-- PROBLEM STATEMENT --
Only the lines from the start of the data through the line containing "295 Edgepark Boulevard NW Calgary AB T3A4K4" should be written out, exactly as they are, with both ends included and the pictures left out.

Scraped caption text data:

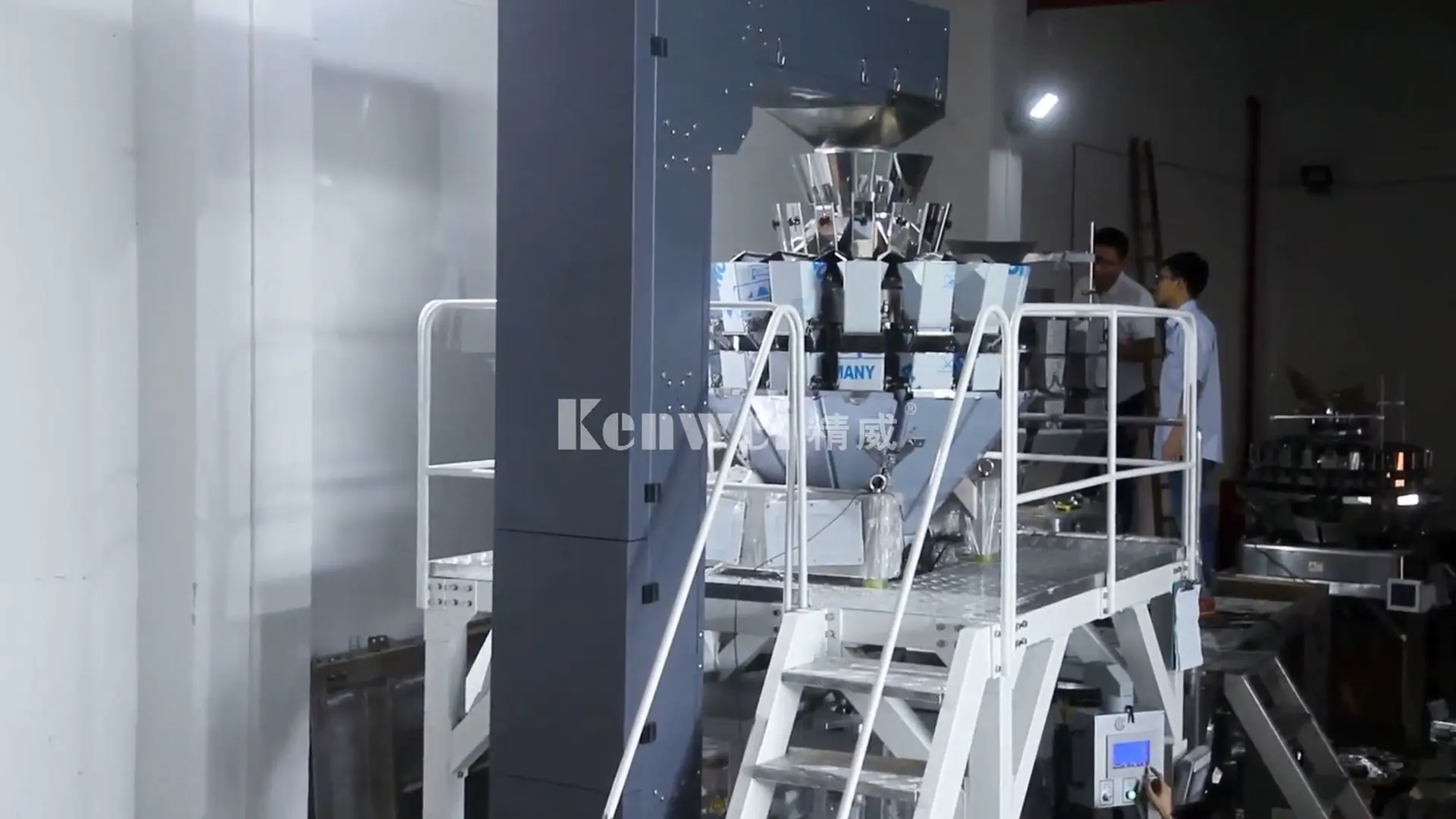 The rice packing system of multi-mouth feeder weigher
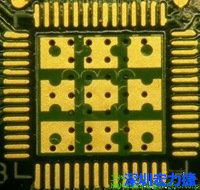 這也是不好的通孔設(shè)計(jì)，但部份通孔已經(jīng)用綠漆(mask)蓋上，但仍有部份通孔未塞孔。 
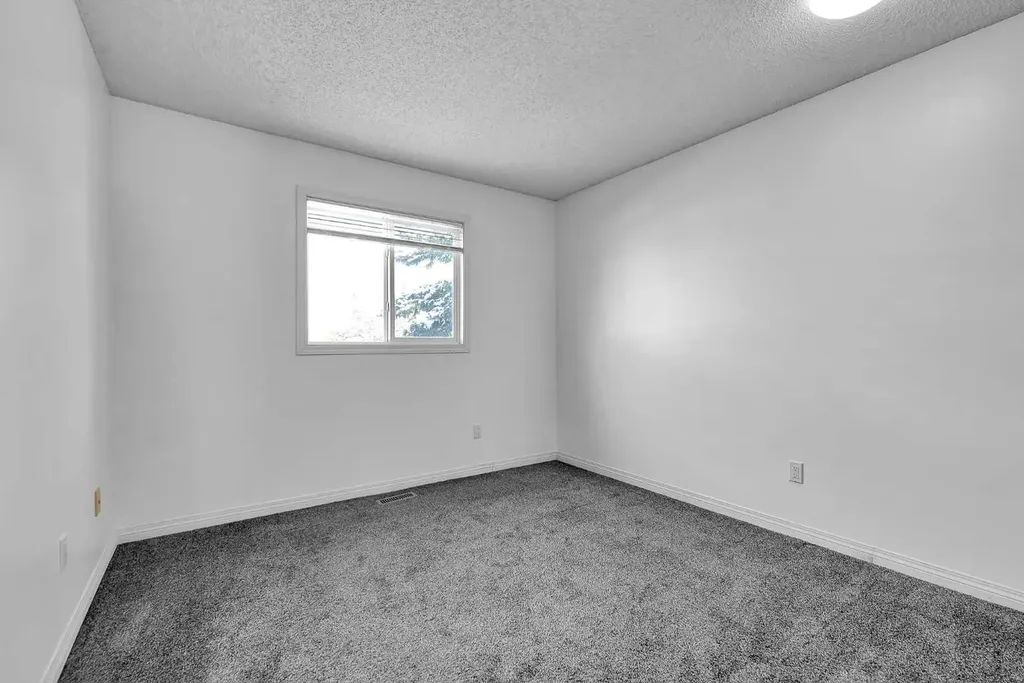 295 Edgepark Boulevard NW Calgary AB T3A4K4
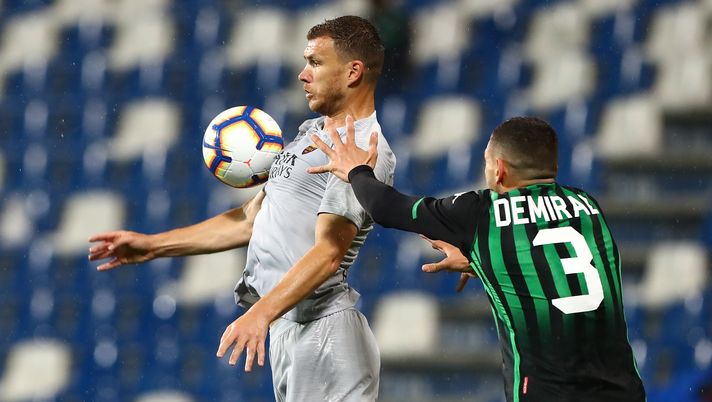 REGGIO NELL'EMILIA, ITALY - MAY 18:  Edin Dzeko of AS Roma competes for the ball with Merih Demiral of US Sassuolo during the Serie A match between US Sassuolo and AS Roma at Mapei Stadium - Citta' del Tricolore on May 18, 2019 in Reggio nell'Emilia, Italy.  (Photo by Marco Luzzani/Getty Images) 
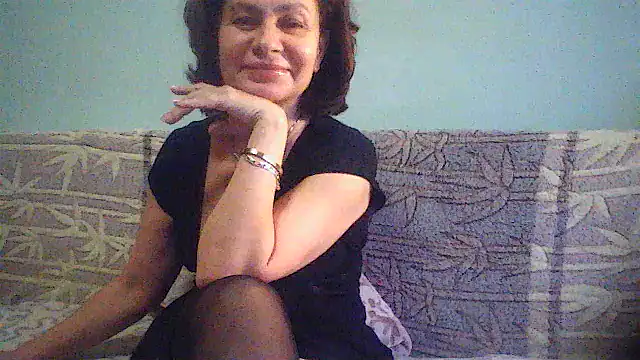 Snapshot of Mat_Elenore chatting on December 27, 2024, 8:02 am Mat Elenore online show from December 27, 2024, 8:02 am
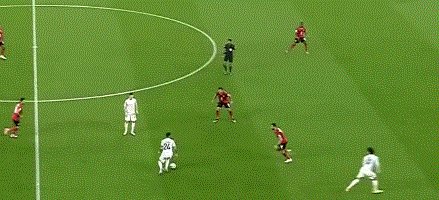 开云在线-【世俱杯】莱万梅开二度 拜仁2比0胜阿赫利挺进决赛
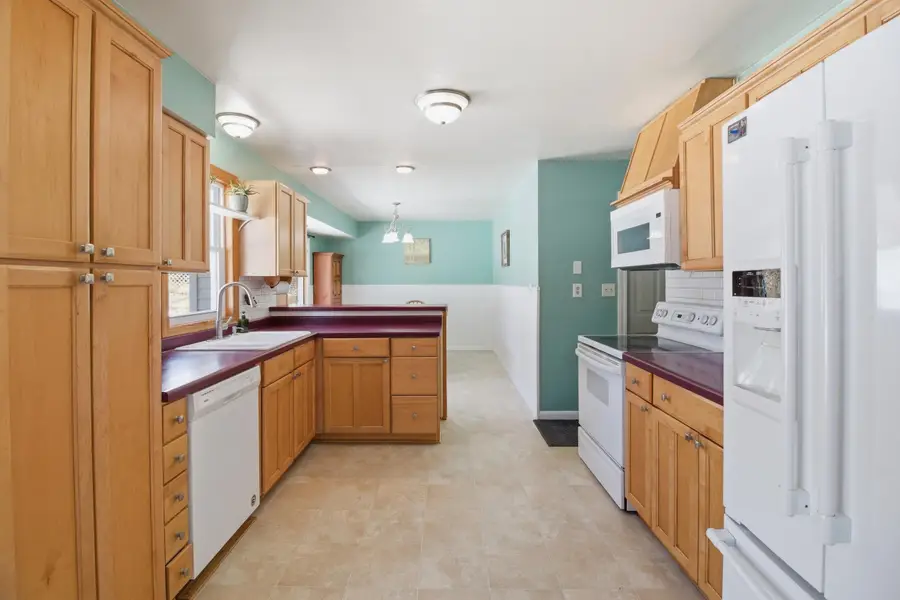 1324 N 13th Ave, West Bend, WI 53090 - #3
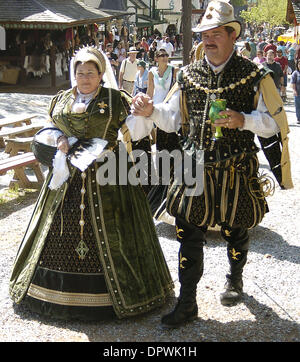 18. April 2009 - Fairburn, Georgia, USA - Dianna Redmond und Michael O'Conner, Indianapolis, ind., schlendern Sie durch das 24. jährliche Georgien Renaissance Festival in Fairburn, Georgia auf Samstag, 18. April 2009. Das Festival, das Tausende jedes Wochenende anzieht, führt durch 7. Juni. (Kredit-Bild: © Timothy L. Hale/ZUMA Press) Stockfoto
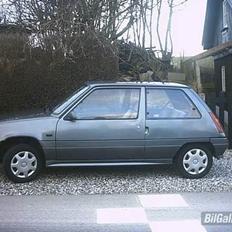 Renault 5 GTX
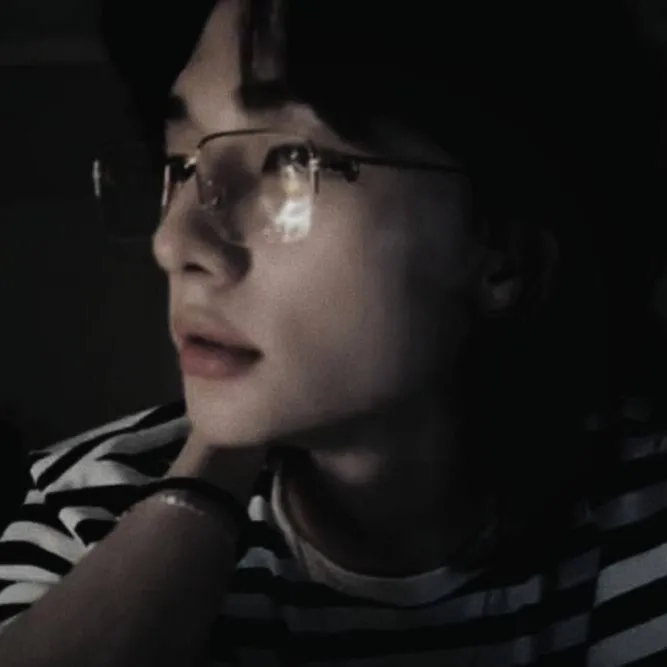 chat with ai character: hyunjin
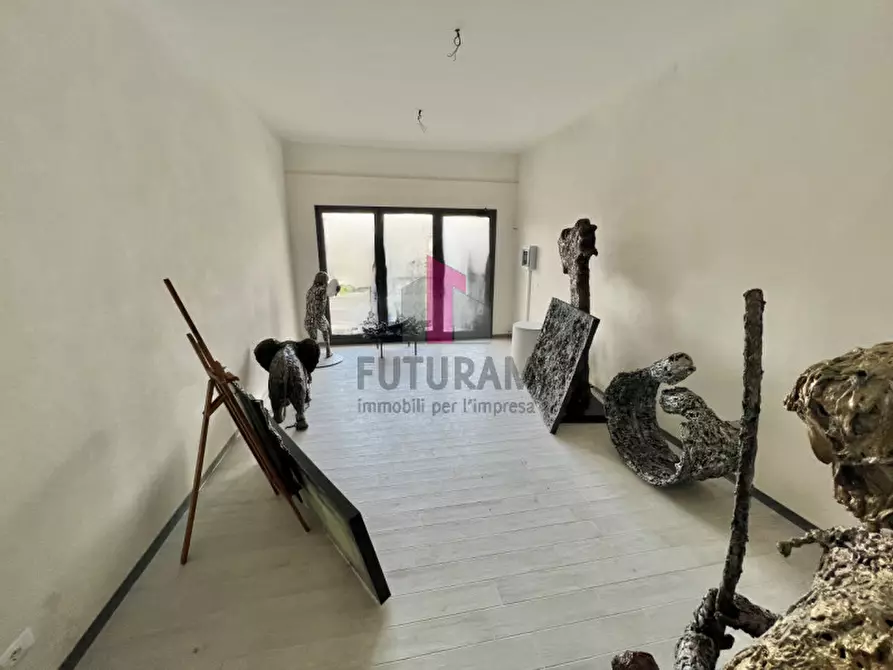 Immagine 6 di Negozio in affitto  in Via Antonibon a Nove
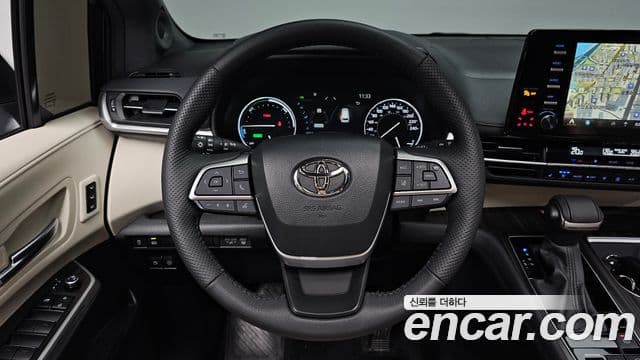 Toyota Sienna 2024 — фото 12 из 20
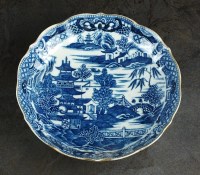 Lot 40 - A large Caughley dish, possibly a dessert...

-- RESULT OF THE TASK --
 The rice packing system of multi-mouth feeder weigher
 這也是不好的通孔設(shè)計(jì)，但部份通孔已經(jīng)用綠漆(mask)蓋上，但仍有部份通孔未塞孔。 
 295 Edgepark Boulevard NW Calgary AB T3A4K4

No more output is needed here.